Черти – не бросают. Даю несколько выстрелов над головами. Стоят. Тогда мне помог пан и кричит:
– Хлопци, кидайте рушници! – Рушницы дружно упали. Пан вскрикнул: – Хлопци, вийна скинчилася, и я иду до жинки у Киев.
Пустился в гопака так, что пыль поднял столбом. Выскочил ротмистр: «В чем дело?» – «В плен взял». – «Молодец!» – «Рад стараться!» – а сам скомандовал пану:
– Веди своих хлопцев на площадь!
Тот скомандовал, и хлопцы в ногу зашагали. Все было как сон. Второй раз в это прекрасное утро мне улыбнулось счастье.
– Афанаська, посмотри, не поднялась ли тревога после твоей пальбы.
Все казалось мне – море по колено. Доскакал до угла и увидел налево стоящих группами и курящих солдат. Подъехал и, умея уже командовать, ору:
– Кидайте, хлопци, рушници!
Хлопцы стоят и смотрят. Вид не испуганный, а любопытный. Я пистолет из-за пояса – и огонь. Хлопцы врассыпную, за хаты и плетни. Рушницы на дороге не валяются. Дело дрянь. Думаю – надо драпать. В это время по мне стали стрелять, да так, что обжигало. Я думал, что мой Индеец может только шагом или рысью, а тут вдруг он взвился на задние ноги, повернулся кругом и дал такого стрекача, что я едва усидел в седле. Доскакал до поворота, повернул направо и поскакал к штабу. Вдоль по улице засвистели пули и стал строчить пулемет. Выскочил ротмистр, ему без слов было все ясно. Стрельба началась по всему селу, и палили друг в друга, не зная, где враг. Село кипело, как котел. Ротмистр выскочил во двор и крикнул:
– Уланы, за мной!
Мы поскакали на площадь к уланам, собрали их, и марш-марш. Артиллерия открыла ураганный огонь. Куда – неизвестно, но только не по нас, хотя мы выскочили из села. Поднялись на бугор и пересчитались – нет Подгурского и Зебальда. Ранены, убиты? Я скакал последним, никто не упал.

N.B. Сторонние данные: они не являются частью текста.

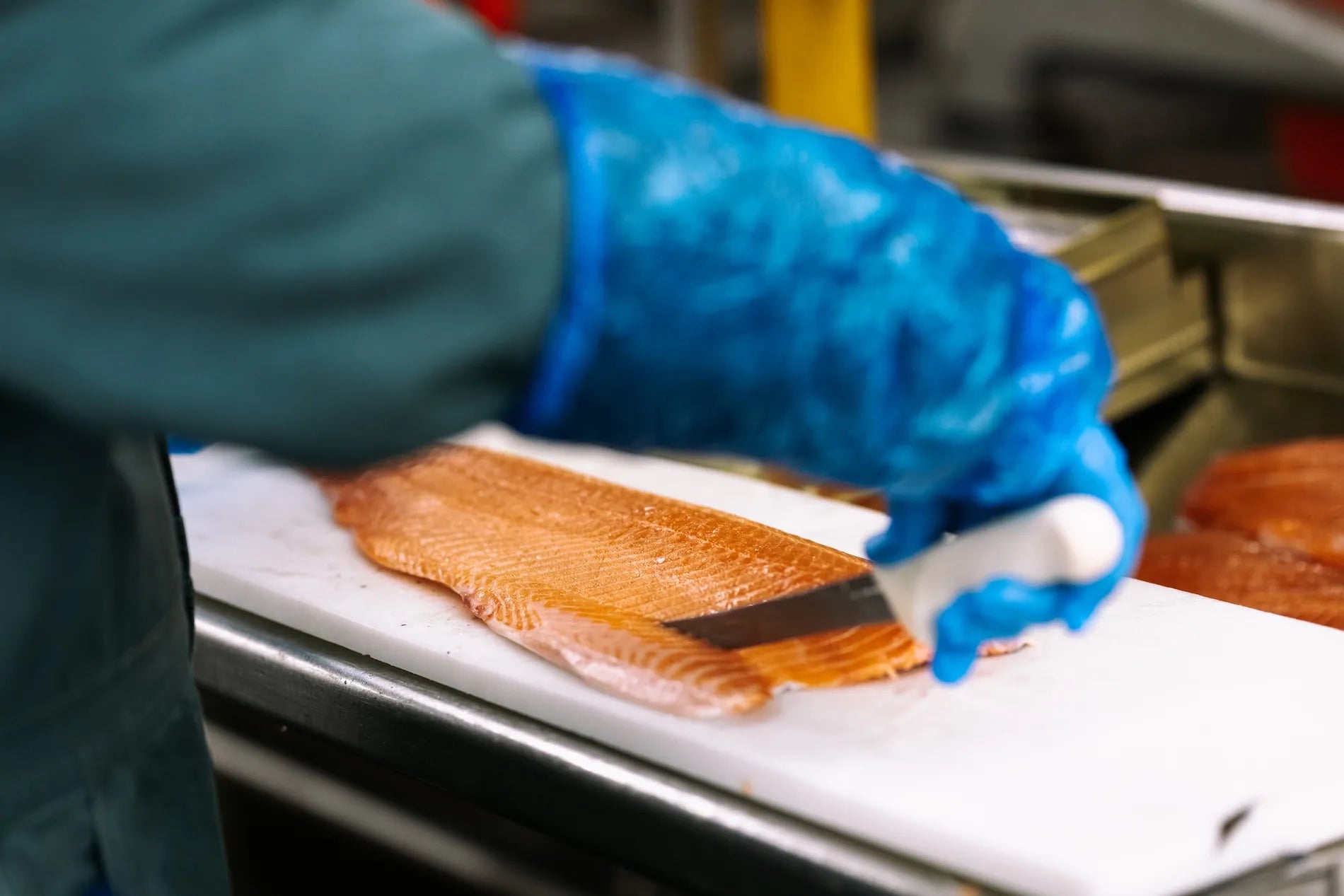 Person wearing blue gloves cutting a piece of salmon on a white surface.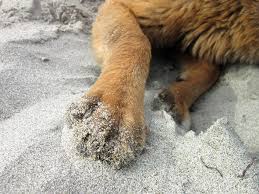 Get an instant quote online today with 4paws pet insurance. Travel Paw Care Tips Figo Pet Insurance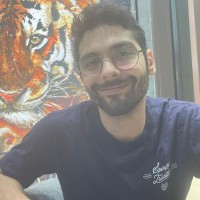 Ali Mohsen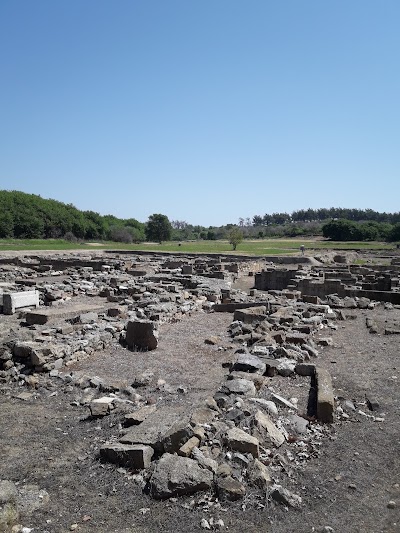 Photos of Archaeological Museum of Avdira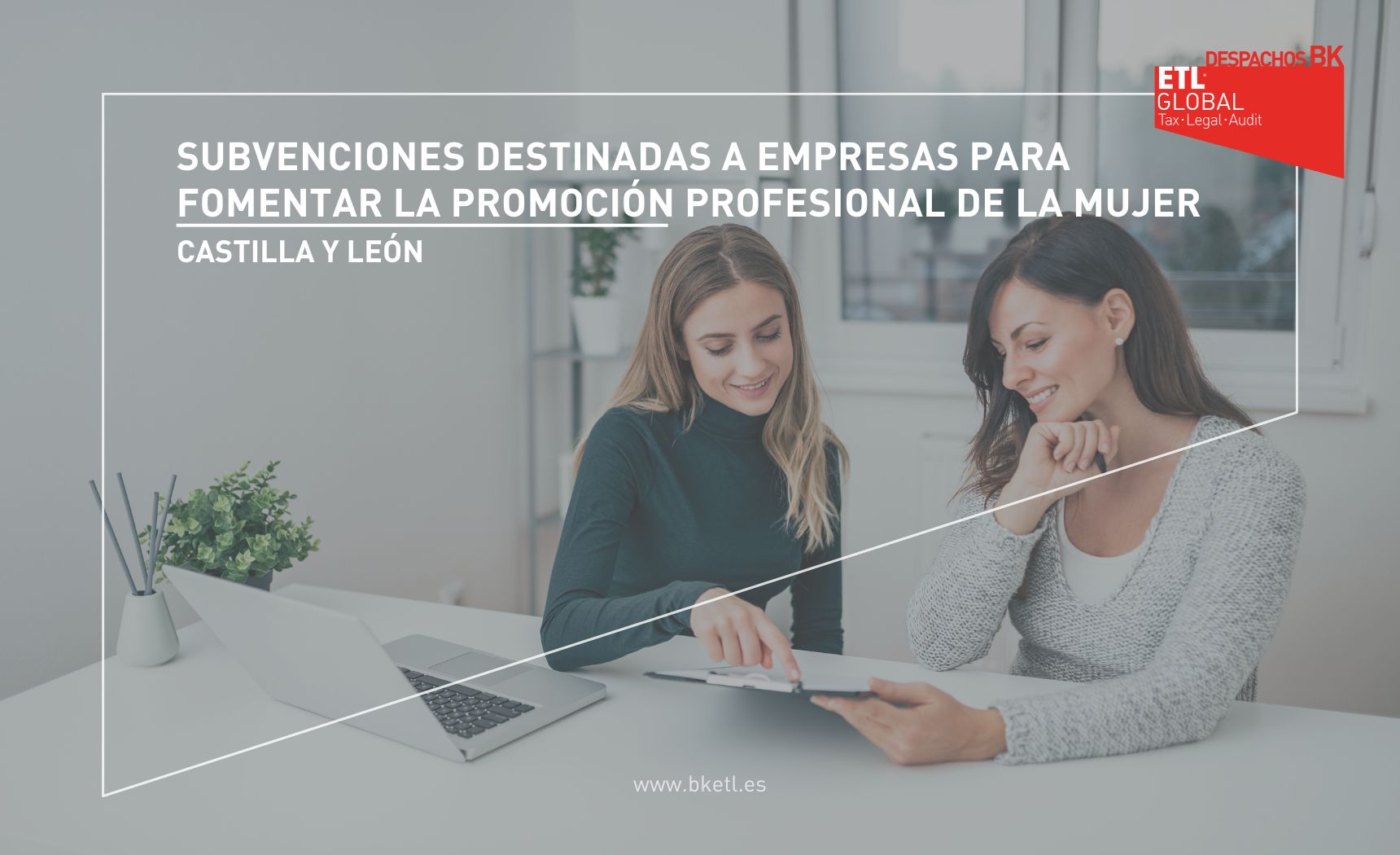 Subvenciones destinadas a empresas para fomentar la promoción profesional de la mujer castilla y leon Subvenciones empresas fomentar promoción profesional de la mujer castilla y leon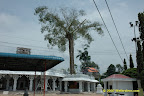 side view with the tree visible side view with the tree visible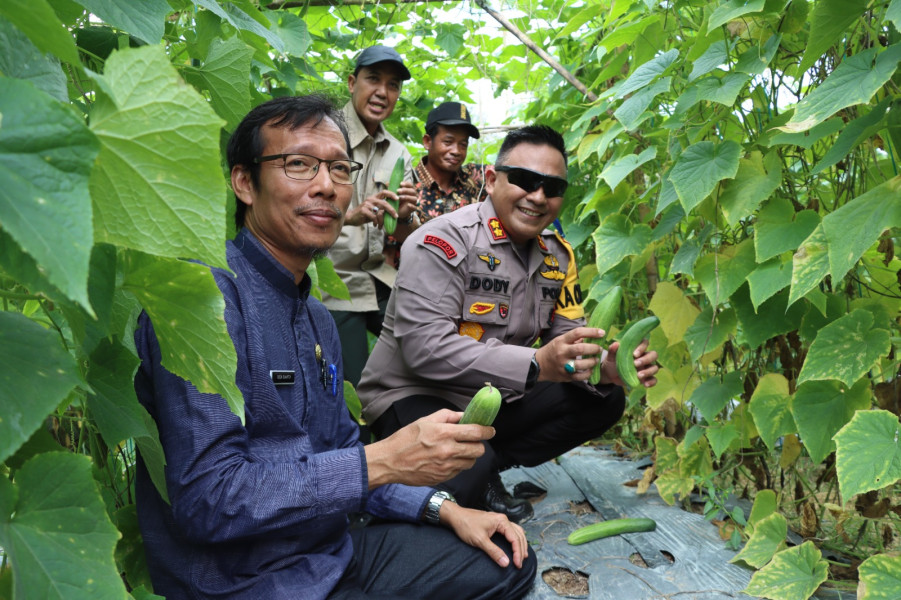 Desa Ketahanan Pangan Sejak 2020, Kapolres Inhu Panen Raya di Talang Jerinjing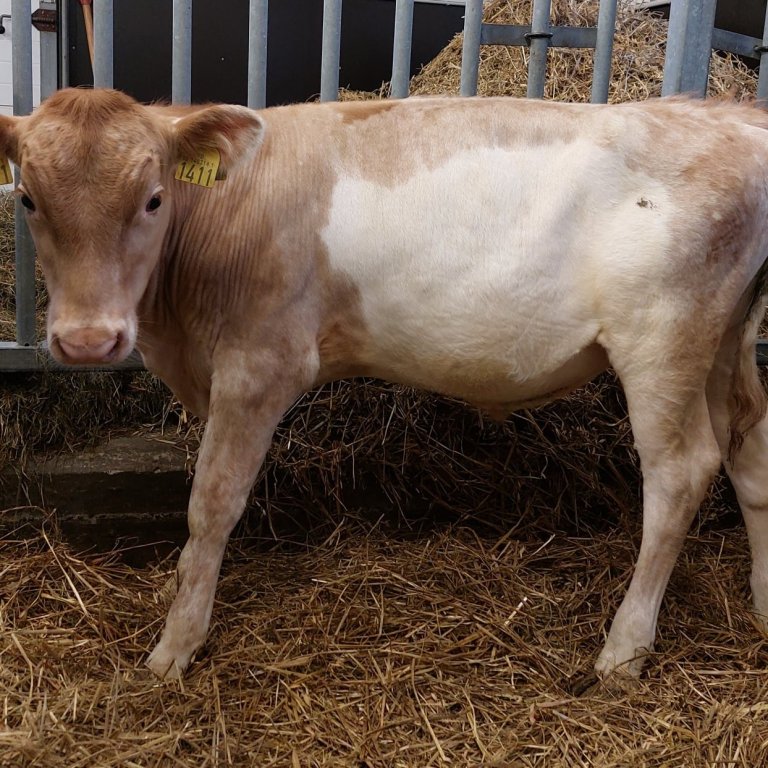 Hjassi frá Kúskerpi í Akrahreppi, undan Risa 15014 og Daney 1167, Skellsdóttur.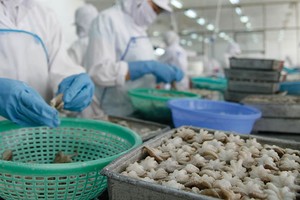 Chính phủ cần tập trung khơi thông các nguồn lực trong nước, phát triển mạnh mẽ khu vực kinh tế tư nhân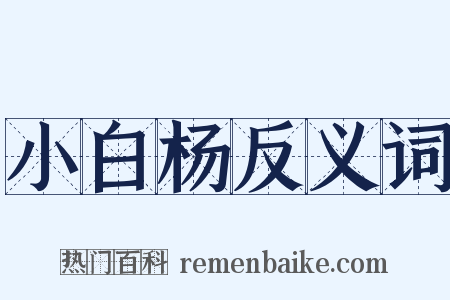 小白杨反义词是什么意思的图片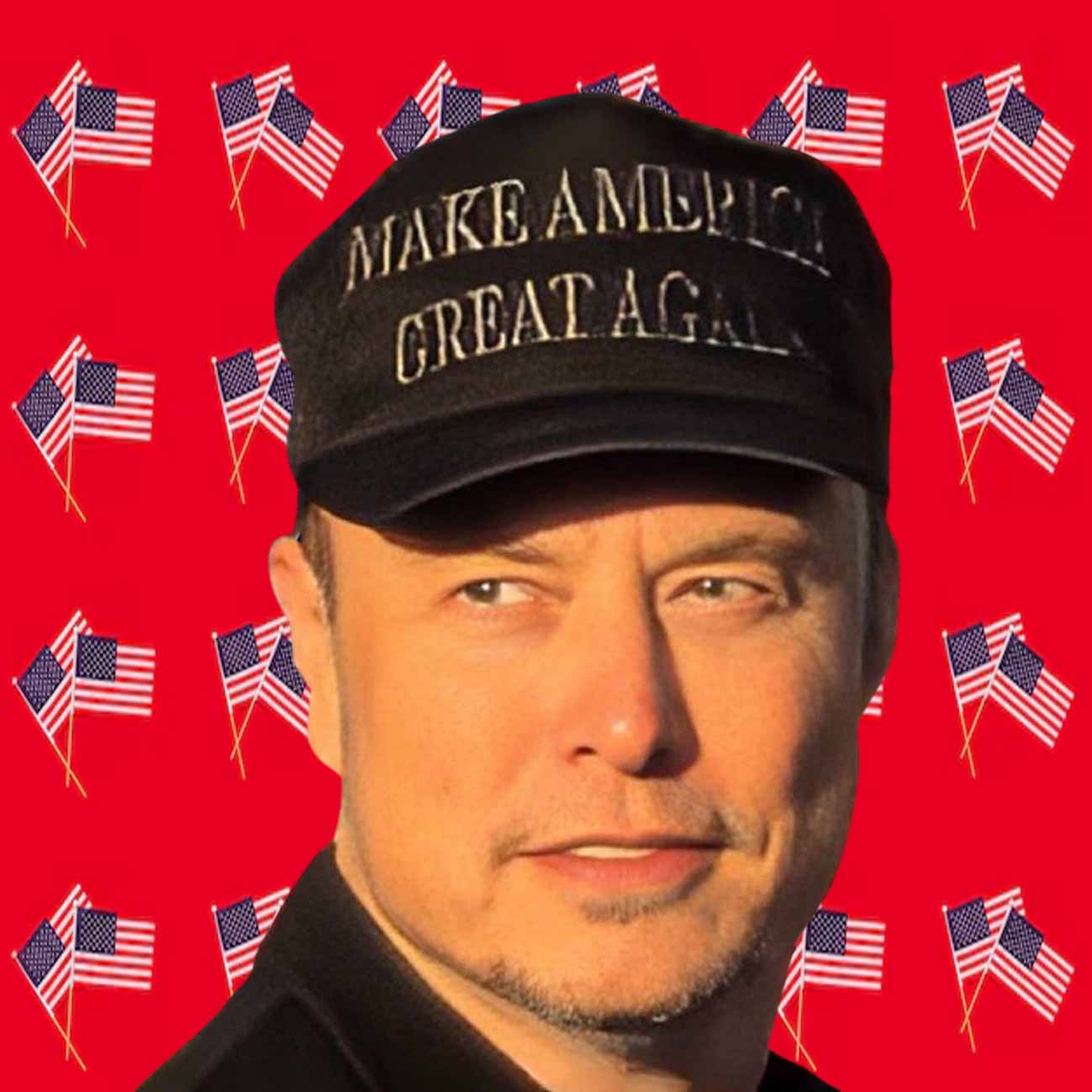 Trump Dark MAGA 2025 Hat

Я соскочил с жеребца и внимательно осмотрел его – ни малейшей царапины, я тоже без дырок. Поднялись вновь на бугор и увидели, что из села скачет всадник на гнедом коне. У Зебальда был серый жеребец, а у Подгурского вороная кобыла. Не наш. В это время за ним выскочила группа с шашками и гнала его. Шашки вон – и мы пошли в атаку. Те стали и бросили преследовать. Всадник подскакал, и оказался Зебальд. Он переседлал коня, так как его жеребец был отвратительный тем, что снимал с себя седло и рвал его.
– Где Подгурский?
– Я его видел, он бежал и держал за шиворот одного из штабных, и в руках у него был револьвер. Я проскакал мимо.
Делать было нечего. Построились и размашистой рысью пошли в полк. Стрельба в селе продолжалась, и артиллерия била. Прибыли в деревню, где полк стоял на опушке. Ротмистр доложил о происшествии, и я передал командиру полка полковнику Папчинскому шелковое знамя, значок дивизии, портфель с бумагами штаба и пять револьверов (шестой у Подгурского). Попросил и получил разрешение оставить себе испанский браунинг начдива. В Константинополе на рейде променял турку на пару экмеков (хлеба) и связку инжира. Голод не тетка!